Task statement
The lines in the listing below are to be given again exactly, starting at the line holding "Bán nhà la nội, dương" and ending at the line holding "Apartament Manthos Beachfront". Do not include pictures.

Records provided
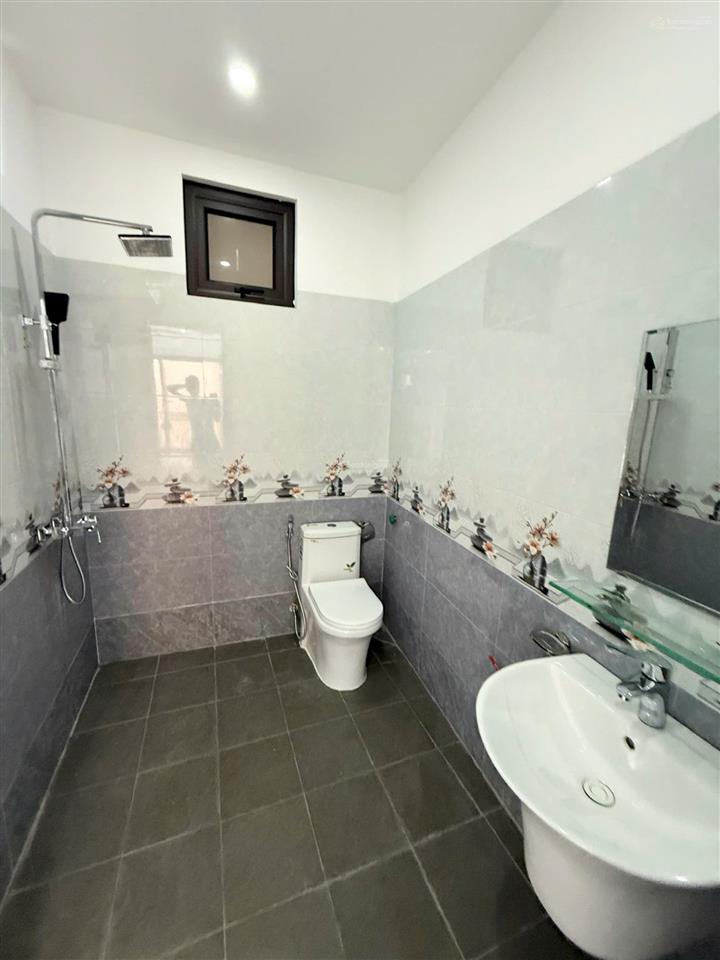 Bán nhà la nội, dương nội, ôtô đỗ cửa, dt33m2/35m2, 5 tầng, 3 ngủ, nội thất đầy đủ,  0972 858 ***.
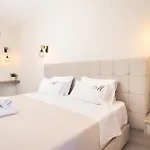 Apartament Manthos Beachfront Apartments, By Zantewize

--

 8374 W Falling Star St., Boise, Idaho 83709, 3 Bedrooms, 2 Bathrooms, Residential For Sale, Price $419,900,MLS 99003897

* * *

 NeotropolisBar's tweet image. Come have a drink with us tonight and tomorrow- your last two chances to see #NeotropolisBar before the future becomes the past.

Expected answer
 Bán nhà la nội, dương nội, ôtô đỗ cửa, dt33m2/35m2, 5 tầng, 3 ngủ, nội thất đầy đủ,  0972 858 ***.
 Apartament Manthos Beachfront Apartments, By Zantewize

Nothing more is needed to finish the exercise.